Salted Caramel Brownies (from Cooking Light)
PointsPlus Per Serving: 6 PP for 15, 5 PP for 20
- 3/4 cup all-purpose flour, 9 PP
- 1 cup sugar, 22 PP
- 3/4 cup unsweetened cocoa, 6 PP
- 1/2 cup packed brown sugar, 12 PP
- 1/2 tsp baking powder
- 6 tbsp melted butter, 13 PP
- 2 large eggs, 4 PP
- 1 tsp vanilla extract
- cooking spray
- 1/4 cup butter, 9 PP
- 1/4 cup packed brown sugar, 6 PP
- 3 1/2 tbsp evaporated fat-free milk, divided, 1 PP
- 1/4 tsp vanilla extract
- 1/2 cup powdered sugar, 6 PP
- 1 oz bittersweet chocolate, coarsely chopped
- 1/8 tsp coarse sea salt, 4 PP
1. Preheat oven to 350.
2. To prepare brownies, lightly spoon flour into dry measuring cups; level with a knife.
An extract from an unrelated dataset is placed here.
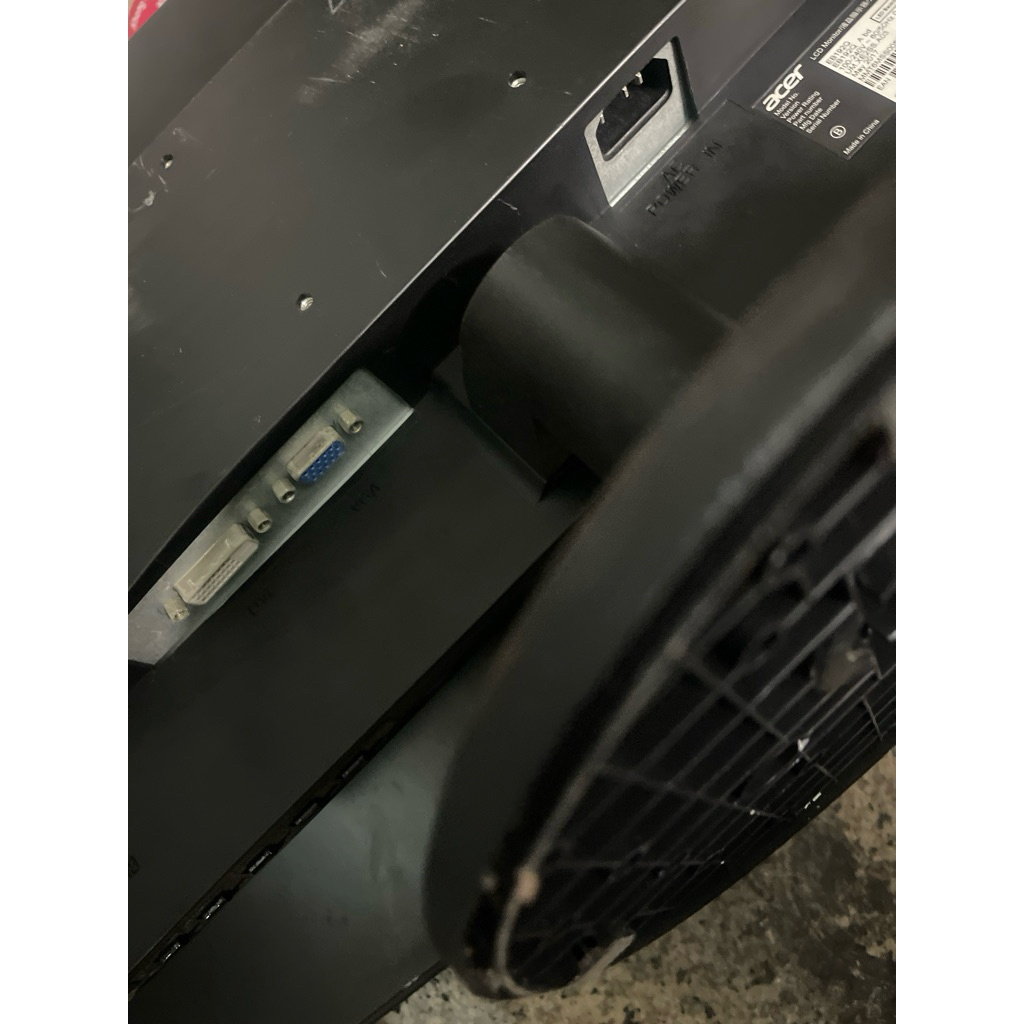 บอร์ดสัญญาณ Acer EB192Q และบอร์ดจ่ายไฟคอมโบใช้งานได้ดี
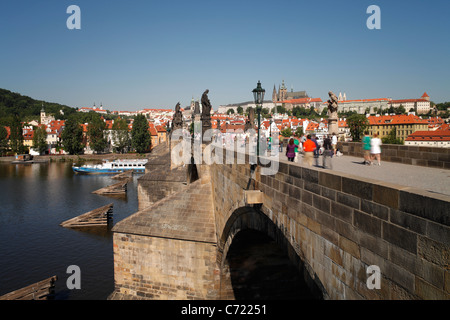 St.-Veits-Dom, Karlsbrücke und das Budaer Burgviertel, Prag, Tschechische Republik, Moldau Stockfoto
Combine flour and next 4 ingredients (through baking powder) in a large bowl, stirring well with a whisk. Combine 6 tbsp butter, eggs, and 1 tsp vanilla. Add butter mixture to flour mixture; stir to combine. Scrape batter into a 9 inch square metal baking pan lightly coated with cooking spray (I used an 8×11 glass one). Bake at 350 for 19 minutes or until a wooden pick inserted in center comes out with moist crumbs clinging (it took me about 23 minutes). Cool in pan on a wire rack.
3. To prepare topping, melt 1/4 cup butter in a saucepan over medium heat. Add 1/4 cup brown sugar and 1 1/2 tbsp milk; cook 2 minutes. Remove from heat. Add vanilla and powdered sugar; stir with a whisk until smooth. Spread mixture evenly over cooled brownies. Let stand 20 minutes or until set.
4. Combine 2 tbsp milk and chocolate in a microwave-safe bowl; microwave at HIGH for 45 seconds or until melted, stirring after 20 seconds. Stir just until smooth; drizzle over caramel. Sprinkle with sea salt; let stand until set. Cut into squares.